15 In early December 2005, Mr Vogel began to design new software functions for IceTV, intended to enable users to schedule TV recordings while away from home, using a website. This was called Personal Interactive Media Planner, or PIMP. It was envisaged that the PIMP website might later be adapted to include a library function, allowing downloading of other content, although this function had not been introduced, and no design or development work had been performed on that software, when Mr Vogel's employment was terminated.
16 Quickflix is an on-line home entertainment company, providing on-line DVD rental subscription services, offering customers a choice of over 16,000 movie and TV series titles to rent or purchase. On 25 January 2006, it announced that it had entered a "non-binding agreement" with IceTV to integrate its on-line consumer service offering with IceTV's interactive EPG, so that using the IceTV EPG and a personal video recorder or PC media centre, consumers would be able to manage what they watched across free-to-air TV and on-line services such as Quickflix, and that in the next twelve months, the partnership was expected to provide consumers with the ability to buy and rent movies at the touch of a button via their TV screen. The announcement included (emphasis added):
IceTV is Australia's only independent provider of interactive TV listings for free-to-air TV. The company's main product is the IceGuide, an EPG that shows subscribers what's on TV for the coming seven days for the digital free-to-view TV channels (7, 9, 10, ABC, SBS). In addition to the TV guide, IceTV is developing additional value added interactive content for the benefit of its subscribers . …
17 The announcement also attributed to Mr Ross the following (emphasis added):
IceTV CEO, Duncan Ross, said: "This exciting agreement with Quickflix means that IceTV subscribers will soon have the opportunity to buy or rent DVDs through their Electronic Program Guide. We are looking forward to working closely together to enable subscribers to download movies directly to their home entertainment centres in future ".
18 A memorandum of understanding between IceTV and Quickflix, to which Mr Ross as CEO of IceTV was one of the signatories, contained the following recitals (emphasis added):
A. IceTV is a provider of value added services to set-top-box Digital Video Recorders (DVRs) and PC based media centre products. Services include an interactive Electronic Program Guide (EPG) and content control features which provide users the ability to simply select television shows for recording, and to locate and download video content via the Internet.

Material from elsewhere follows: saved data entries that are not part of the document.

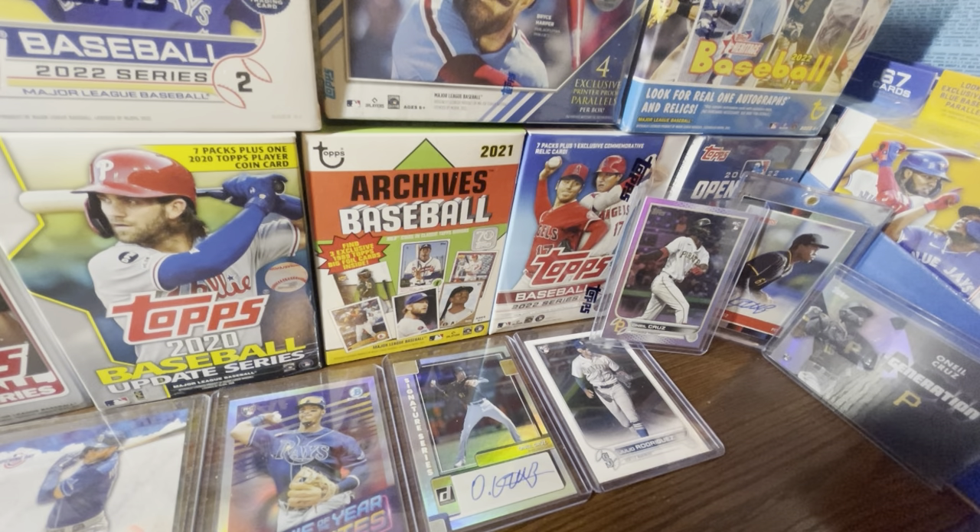My LCS guy doesn't carry Panini cards — he's not affiliated with Panini in any way. He doesn't sell football or basketball cards; he's strictly baseball. If he does sell Panini baseball products, it's blaster boxes, never a hobby. So if I were to buy a Chronicles hobby box — $120, by the way — I would have to buy it online, which I don't have a problem with. It'll cost a little more since shipping is never free unless you spend around $200 to $300 on sports card sites.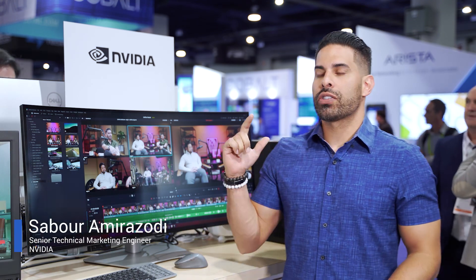My name is Tabor Mirzodi. I'm at the Dell booth and I'm actually showcasing a new trend that we've noticed in the industry. A lot of these cameras — Canons, Sonys, Nikons — they all shoot 422 10-bit content.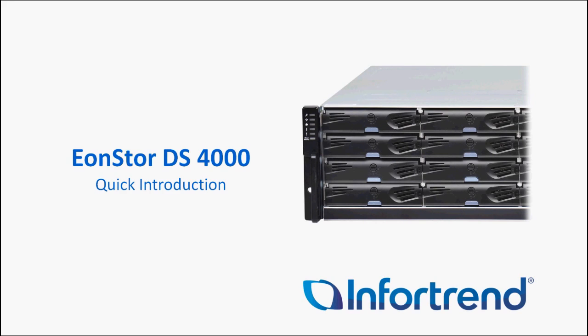Hello, my name is Terry Patrick, Regional Sales Manager for InfraTrend. Today we're going to talk about our EonStore DS4000 series. Most of you know our 3000 series has been our fastest performing box until we released our DS4000 series, which is now performing at twice the speed of the DS3000 series.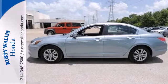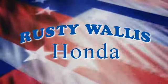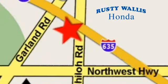Take this one for a test drive today. At Rusty Wallace Honda, our primary goal is to satisfy our customers. Stop in today — we're easy to find, just off I-635 at Shiloh Road.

B. Quickflix is a wholesaler and retailer of video movie "titles" which are sent to customers by mail, and in the future, sold over the Internet.

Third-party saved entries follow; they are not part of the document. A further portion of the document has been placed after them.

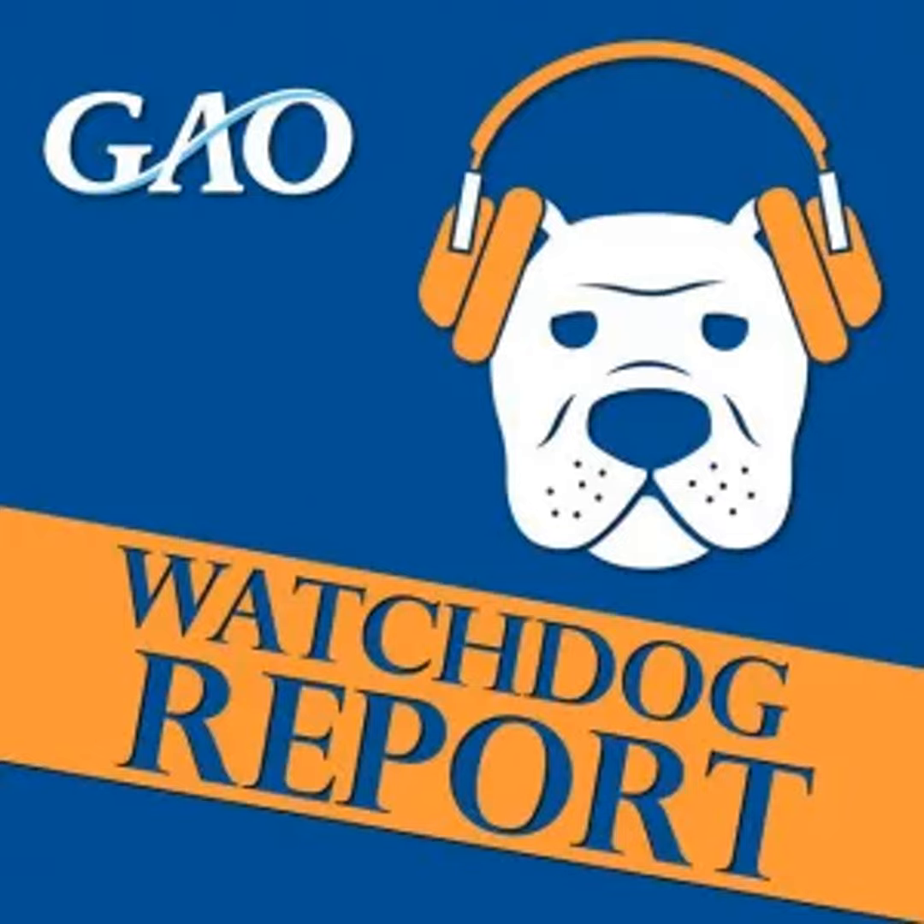There's a lot of effort to get back to the moon, but the question is, what is the right price tag? Hi, and welcome to GAO's Watchdog Report, your source for fact-based, nonpartisan news and information from the U.S. Government Accountability Office. I'm your host, Holly Hobbs.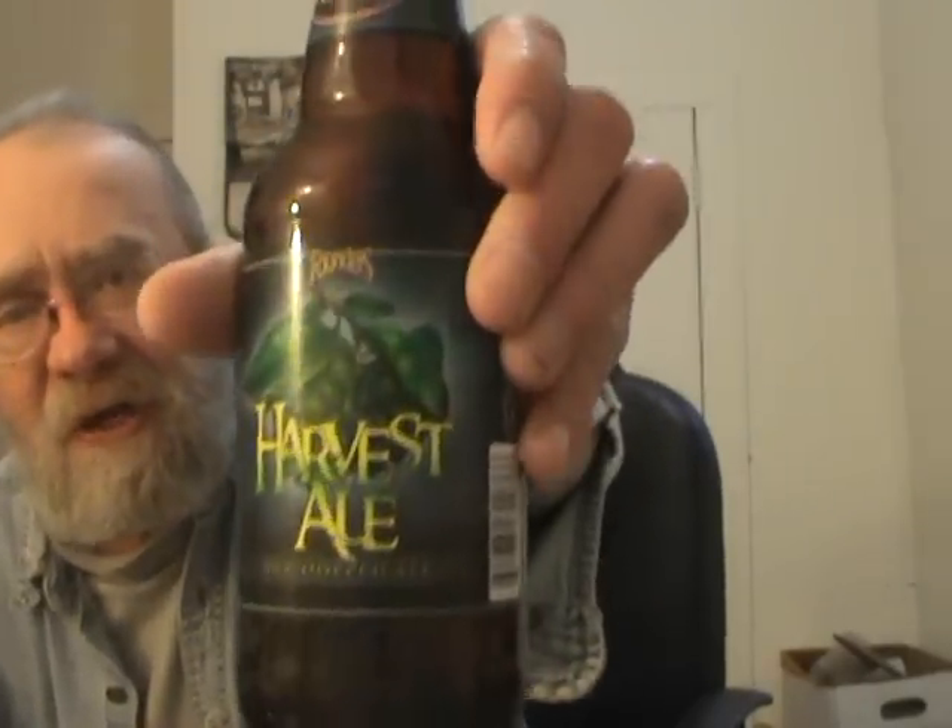I'm not going to do a holiday beer — I'll save those for the rest of the week after Christmas. I picked up this one a couple of weeks ago. I know it's been out a couple of months. It was bottled on 10-4-12, so it's about two and a half months old in the bottle. I'm going to do the Harvest Ale from Founders — never had this before. It's a wet hop ale.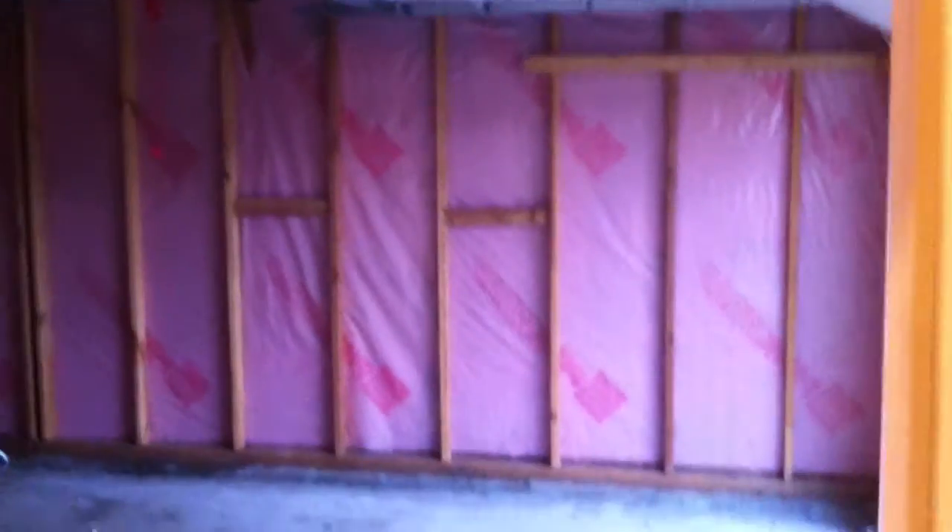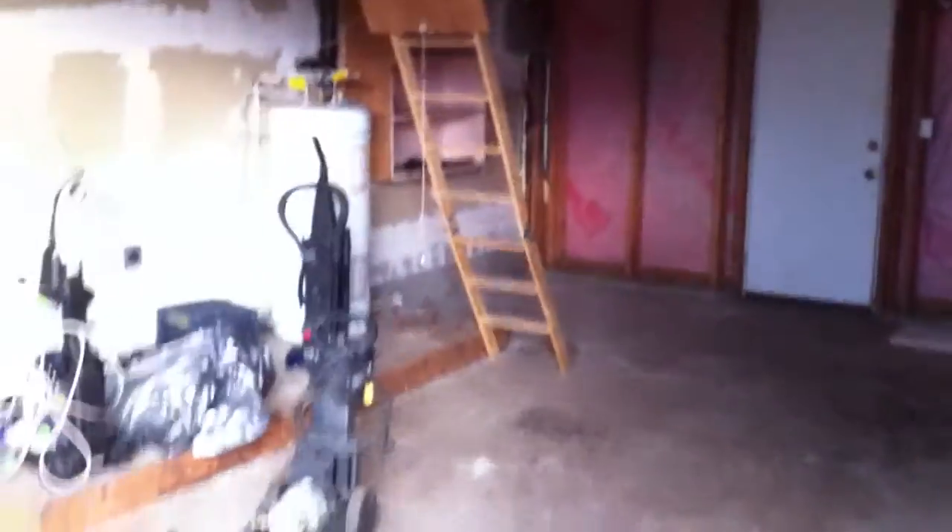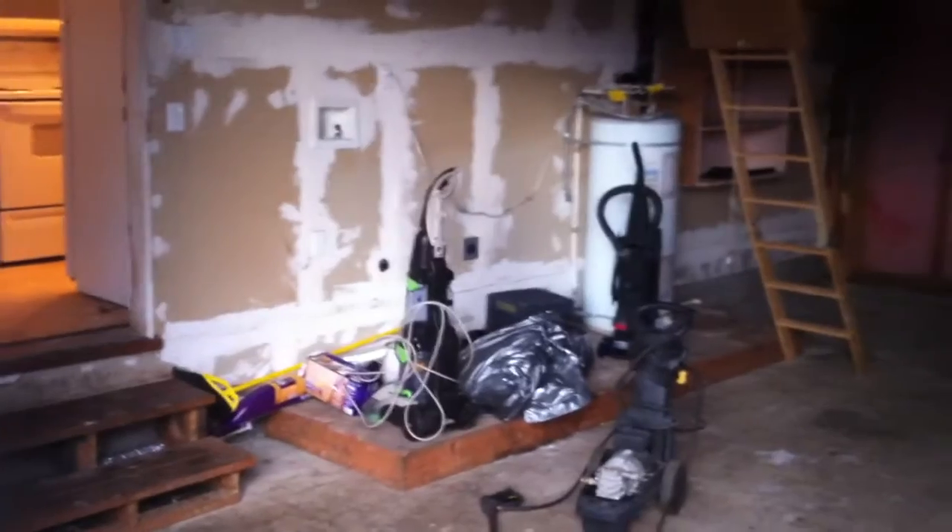Then that goes into the garage, which is an oversized one-car with a power door. There's the platform for laundry and the water heater. And then above is storage — these are storage trusses.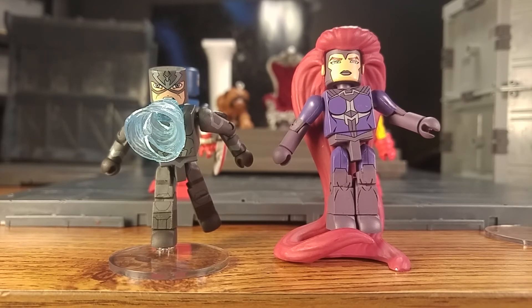Very cool to finally have her. Hopefully we see Karnak and the rest of them — Maximus and the rest of the Inhumans someday. It would be great to have Crystal for the Avengers too. I just love the set; I just love that we got it.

C. IceTV wishes to offer its customers the ability to purchase, rent and download the widest possible catalogue of movie titles .

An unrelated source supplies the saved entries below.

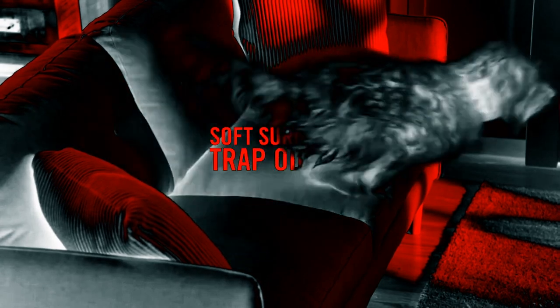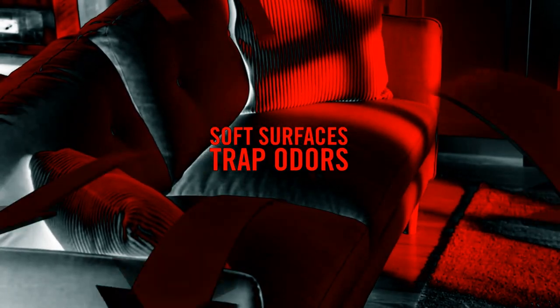No matter how much you clean, does your house still smell stuffy? That's because your home is filled with soft surfaces that trap odors and release them back into the room.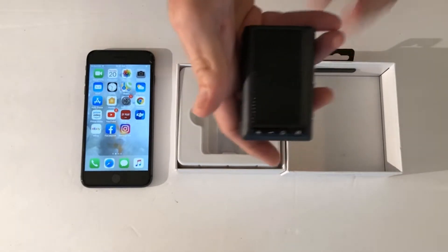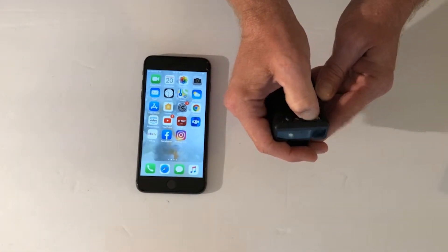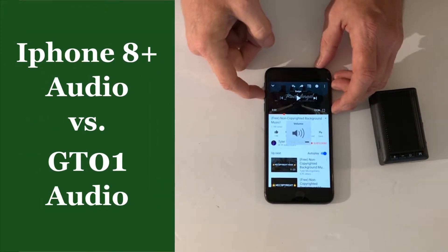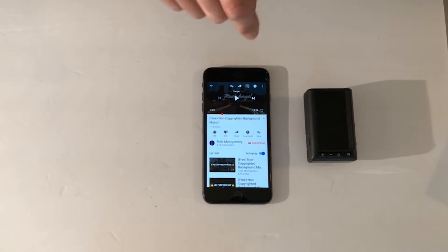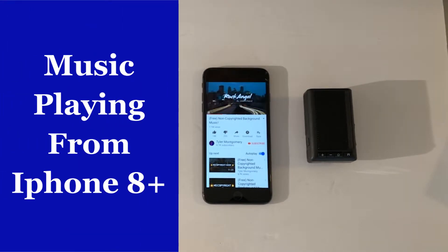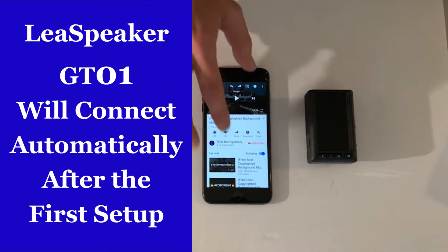Alright, power on — now it's in Bluetooth mode. What I'm going to do first is turn it back off because I want to bring up some YouTube music and play it on my iPhone 8 Plus. Everybody knows iPhones play music pretty well, so we're going to do a little comparison here, because I'm not sure how well the audio is going to come through on the video.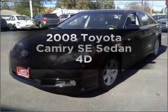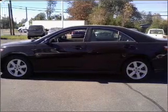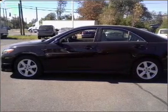Check out this 2008 Toyota Camry. Everything you need under one roof with this great vehicle, with a reliable engine connected to a smooth shifting automatic transmission.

D. Quickflix wishes to include sales of its titles by establishing a marketing partnership with IceTV.
E. IceTV and Quickflix have agreed in principle to work together to market Quickflix movies to IceTV customers under the project referred to as "IcePix" .
19 Mr Ross agrees that he executed this MOU with Quickflix in connection with the proposed provision of a movie download service, but says that no further action was taken following execution of the MOU, and that no infrastructure was ever designed or built or even demonstrated by Quickflix, and that Quickflix today still does not provide an electronic download content service.